● **ACTIVITY**:
Would you copy each line of the data below that has "نرحب"?

Content starts

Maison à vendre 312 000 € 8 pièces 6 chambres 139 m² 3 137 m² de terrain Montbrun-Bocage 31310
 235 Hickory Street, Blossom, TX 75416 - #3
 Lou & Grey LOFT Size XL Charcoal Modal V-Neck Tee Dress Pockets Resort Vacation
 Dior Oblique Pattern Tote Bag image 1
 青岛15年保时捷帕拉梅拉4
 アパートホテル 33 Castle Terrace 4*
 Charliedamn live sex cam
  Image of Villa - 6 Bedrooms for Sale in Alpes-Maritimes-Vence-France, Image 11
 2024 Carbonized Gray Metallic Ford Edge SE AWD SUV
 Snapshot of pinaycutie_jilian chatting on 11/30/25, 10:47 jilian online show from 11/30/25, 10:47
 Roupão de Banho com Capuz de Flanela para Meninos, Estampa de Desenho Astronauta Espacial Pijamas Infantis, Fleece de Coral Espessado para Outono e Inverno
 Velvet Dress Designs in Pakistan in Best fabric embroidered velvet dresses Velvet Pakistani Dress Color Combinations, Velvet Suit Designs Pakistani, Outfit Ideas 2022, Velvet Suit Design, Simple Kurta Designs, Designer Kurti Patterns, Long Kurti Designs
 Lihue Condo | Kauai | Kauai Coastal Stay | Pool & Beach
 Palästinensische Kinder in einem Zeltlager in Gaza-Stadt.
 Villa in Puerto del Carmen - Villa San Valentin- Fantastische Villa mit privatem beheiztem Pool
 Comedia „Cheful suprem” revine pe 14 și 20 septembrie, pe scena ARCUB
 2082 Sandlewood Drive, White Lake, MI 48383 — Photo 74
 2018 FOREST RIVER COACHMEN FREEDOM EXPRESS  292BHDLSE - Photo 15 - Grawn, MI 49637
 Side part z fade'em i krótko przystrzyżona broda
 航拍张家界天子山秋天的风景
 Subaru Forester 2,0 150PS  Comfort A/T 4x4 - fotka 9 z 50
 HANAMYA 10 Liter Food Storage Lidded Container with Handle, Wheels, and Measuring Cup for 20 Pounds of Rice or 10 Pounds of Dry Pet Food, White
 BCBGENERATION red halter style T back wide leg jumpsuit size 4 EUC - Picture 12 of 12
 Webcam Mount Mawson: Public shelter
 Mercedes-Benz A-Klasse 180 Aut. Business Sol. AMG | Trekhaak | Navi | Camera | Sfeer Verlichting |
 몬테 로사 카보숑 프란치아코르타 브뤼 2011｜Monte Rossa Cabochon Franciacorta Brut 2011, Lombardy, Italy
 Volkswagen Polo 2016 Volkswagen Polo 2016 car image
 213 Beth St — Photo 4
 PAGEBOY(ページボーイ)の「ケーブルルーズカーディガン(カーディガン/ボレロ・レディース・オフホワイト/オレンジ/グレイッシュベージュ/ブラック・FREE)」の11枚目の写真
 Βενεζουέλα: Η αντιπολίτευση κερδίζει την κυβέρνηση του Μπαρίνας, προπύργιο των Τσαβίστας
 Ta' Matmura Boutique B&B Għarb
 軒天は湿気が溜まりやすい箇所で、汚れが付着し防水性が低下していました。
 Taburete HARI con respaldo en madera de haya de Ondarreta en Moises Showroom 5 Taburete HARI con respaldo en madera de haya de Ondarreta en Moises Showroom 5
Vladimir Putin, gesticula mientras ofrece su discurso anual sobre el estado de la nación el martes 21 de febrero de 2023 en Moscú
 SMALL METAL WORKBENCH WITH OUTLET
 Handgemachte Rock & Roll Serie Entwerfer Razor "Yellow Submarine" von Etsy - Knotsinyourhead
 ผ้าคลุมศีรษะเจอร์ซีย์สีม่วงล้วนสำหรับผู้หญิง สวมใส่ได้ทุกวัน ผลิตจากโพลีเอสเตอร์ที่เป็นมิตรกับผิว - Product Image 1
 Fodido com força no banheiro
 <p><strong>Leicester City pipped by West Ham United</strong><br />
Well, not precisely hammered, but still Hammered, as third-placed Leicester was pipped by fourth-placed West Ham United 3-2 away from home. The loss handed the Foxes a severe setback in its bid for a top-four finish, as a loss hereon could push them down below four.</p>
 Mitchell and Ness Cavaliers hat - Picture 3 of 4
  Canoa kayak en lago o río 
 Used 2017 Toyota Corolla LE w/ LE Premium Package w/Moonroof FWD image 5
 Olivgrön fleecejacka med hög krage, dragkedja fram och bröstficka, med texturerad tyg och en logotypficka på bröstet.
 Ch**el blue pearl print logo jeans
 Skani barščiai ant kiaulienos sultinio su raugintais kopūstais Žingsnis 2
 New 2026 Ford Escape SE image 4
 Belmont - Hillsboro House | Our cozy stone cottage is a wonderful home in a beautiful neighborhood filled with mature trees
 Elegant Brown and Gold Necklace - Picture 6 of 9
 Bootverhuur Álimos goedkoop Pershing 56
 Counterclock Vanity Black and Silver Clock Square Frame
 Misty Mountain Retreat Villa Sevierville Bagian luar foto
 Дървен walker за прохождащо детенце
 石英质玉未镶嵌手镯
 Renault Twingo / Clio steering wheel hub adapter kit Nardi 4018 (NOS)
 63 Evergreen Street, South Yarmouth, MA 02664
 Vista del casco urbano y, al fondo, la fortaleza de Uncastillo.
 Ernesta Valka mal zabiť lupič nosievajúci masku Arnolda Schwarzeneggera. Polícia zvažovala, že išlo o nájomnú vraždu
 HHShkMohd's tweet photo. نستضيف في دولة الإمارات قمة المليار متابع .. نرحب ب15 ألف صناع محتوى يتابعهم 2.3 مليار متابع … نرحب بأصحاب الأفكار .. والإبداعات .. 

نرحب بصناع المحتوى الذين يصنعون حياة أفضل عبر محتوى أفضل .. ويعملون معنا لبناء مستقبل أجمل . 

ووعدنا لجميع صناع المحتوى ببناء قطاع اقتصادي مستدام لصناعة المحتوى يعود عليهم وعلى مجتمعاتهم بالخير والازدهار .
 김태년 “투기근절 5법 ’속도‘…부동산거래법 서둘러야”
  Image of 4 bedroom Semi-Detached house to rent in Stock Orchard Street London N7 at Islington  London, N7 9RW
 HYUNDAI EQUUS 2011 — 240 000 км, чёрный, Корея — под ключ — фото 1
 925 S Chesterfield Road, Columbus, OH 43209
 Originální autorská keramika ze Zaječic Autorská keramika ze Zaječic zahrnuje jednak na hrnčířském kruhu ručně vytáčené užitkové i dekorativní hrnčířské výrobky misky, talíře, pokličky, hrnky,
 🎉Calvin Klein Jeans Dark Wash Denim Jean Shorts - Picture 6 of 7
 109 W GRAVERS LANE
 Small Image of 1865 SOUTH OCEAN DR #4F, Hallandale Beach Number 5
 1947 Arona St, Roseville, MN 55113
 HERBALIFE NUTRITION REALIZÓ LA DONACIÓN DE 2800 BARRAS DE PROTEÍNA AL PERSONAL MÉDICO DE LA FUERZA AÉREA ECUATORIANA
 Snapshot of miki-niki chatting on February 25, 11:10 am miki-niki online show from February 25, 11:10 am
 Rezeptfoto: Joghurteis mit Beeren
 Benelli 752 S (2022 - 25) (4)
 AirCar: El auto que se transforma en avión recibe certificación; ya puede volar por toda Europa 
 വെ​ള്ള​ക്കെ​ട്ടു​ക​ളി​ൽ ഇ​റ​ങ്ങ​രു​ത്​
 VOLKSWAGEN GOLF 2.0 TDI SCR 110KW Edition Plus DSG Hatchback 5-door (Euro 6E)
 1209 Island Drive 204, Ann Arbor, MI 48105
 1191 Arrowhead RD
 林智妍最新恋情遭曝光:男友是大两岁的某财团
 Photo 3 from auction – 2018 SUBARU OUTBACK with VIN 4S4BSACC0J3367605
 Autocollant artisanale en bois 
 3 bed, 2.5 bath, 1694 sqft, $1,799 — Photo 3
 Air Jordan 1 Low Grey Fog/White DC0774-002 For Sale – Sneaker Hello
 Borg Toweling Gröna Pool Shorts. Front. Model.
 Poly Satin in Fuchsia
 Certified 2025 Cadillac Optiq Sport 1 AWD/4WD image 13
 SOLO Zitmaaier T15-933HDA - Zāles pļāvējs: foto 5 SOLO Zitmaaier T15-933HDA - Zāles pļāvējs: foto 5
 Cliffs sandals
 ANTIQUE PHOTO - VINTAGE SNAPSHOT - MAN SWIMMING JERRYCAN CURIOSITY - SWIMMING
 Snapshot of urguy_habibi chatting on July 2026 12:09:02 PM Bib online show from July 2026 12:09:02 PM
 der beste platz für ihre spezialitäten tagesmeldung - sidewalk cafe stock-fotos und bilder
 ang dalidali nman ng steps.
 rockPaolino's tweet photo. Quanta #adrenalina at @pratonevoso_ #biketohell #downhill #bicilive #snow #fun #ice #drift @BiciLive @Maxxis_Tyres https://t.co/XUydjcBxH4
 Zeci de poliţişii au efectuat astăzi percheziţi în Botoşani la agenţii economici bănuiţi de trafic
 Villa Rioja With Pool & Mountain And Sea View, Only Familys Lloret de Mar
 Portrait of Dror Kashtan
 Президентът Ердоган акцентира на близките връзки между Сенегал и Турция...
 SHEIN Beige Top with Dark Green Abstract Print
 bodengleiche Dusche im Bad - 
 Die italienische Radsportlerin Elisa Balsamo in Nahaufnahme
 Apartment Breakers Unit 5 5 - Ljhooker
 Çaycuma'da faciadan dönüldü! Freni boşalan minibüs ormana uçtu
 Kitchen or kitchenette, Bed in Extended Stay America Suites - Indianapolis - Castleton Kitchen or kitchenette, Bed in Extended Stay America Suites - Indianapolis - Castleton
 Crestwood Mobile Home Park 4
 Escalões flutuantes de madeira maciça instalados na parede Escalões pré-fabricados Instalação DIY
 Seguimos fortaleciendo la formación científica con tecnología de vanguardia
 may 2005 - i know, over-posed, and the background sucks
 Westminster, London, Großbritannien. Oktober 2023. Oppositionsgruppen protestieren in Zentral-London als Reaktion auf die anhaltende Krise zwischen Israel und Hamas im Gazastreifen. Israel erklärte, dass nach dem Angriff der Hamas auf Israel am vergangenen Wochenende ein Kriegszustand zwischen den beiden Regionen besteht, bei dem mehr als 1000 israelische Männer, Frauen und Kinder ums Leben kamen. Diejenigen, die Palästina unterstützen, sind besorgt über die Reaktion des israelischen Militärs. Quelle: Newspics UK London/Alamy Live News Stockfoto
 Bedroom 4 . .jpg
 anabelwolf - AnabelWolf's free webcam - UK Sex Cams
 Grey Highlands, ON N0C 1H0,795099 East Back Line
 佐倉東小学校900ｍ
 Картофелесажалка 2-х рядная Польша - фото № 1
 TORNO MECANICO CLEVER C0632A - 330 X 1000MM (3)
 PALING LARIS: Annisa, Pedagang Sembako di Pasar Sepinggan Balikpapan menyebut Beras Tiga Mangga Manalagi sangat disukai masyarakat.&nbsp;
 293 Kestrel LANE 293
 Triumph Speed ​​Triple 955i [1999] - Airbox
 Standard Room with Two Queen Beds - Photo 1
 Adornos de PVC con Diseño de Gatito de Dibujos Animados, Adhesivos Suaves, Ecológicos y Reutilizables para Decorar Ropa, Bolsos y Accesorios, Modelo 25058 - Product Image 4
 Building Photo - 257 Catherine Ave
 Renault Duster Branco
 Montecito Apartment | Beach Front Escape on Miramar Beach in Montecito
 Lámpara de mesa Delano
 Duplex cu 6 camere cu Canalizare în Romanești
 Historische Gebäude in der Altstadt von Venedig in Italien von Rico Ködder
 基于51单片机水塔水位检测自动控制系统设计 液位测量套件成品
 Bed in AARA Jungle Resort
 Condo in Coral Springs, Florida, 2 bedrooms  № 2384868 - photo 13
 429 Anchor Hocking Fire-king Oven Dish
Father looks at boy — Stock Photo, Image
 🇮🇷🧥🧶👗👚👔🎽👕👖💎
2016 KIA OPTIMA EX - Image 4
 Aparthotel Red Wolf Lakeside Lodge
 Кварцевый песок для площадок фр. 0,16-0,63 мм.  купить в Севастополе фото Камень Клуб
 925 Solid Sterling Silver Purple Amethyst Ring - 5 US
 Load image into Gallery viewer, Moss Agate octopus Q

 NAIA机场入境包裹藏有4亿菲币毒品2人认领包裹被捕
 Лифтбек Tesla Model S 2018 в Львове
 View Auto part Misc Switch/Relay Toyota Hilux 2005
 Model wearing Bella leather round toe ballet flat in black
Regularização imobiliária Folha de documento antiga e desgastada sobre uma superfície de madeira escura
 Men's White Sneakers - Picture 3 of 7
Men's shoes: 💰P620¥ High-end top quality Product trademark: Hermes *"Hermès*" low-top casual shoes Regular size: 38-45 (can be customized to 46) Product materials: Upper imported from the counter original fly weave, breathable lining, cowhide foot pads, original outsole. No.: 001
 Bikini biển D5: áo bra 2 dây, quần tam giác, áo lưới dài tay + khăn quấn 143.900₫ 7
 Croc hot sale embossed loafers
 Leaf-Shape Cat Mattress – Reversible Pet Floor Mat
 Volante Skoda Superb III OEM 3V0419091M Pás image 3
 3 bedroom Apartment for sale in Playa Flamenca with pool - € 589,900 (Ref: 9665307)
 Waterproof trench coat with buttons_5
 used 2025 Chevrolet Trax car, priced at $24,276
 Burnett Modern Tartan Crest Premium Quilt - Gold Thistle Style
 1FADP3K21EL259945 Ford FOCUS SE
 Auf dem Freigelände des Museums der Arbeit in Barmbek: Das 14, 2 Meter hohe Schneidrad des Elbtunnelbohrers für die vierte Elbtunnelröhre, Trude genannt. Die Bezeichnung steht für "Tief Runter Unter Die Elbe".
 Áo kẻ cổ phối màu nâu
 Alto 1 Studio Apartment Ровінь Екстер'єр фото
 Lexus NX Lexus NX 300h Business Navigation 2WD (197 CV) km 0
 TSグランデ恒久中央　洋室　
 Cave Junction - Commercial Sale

Content ends

● **SOLUTION FOR THIS EXERCISE**:
 HHShkMohd's tweet photo. نستضيف في دولة الإمارات قمة المليار متابع .. نرحب ب15 ألف صناع محتوى يتابعهم 2.3 مليار متابع … نرحب بأصحاب الأفكار .. والإبداعات .. 
نرحب بصناع المحتوى الذين يصنعون حياة أفضل عبر محتوى أفضل .. ويعملون معنا لبناء مستقبل أجمل . 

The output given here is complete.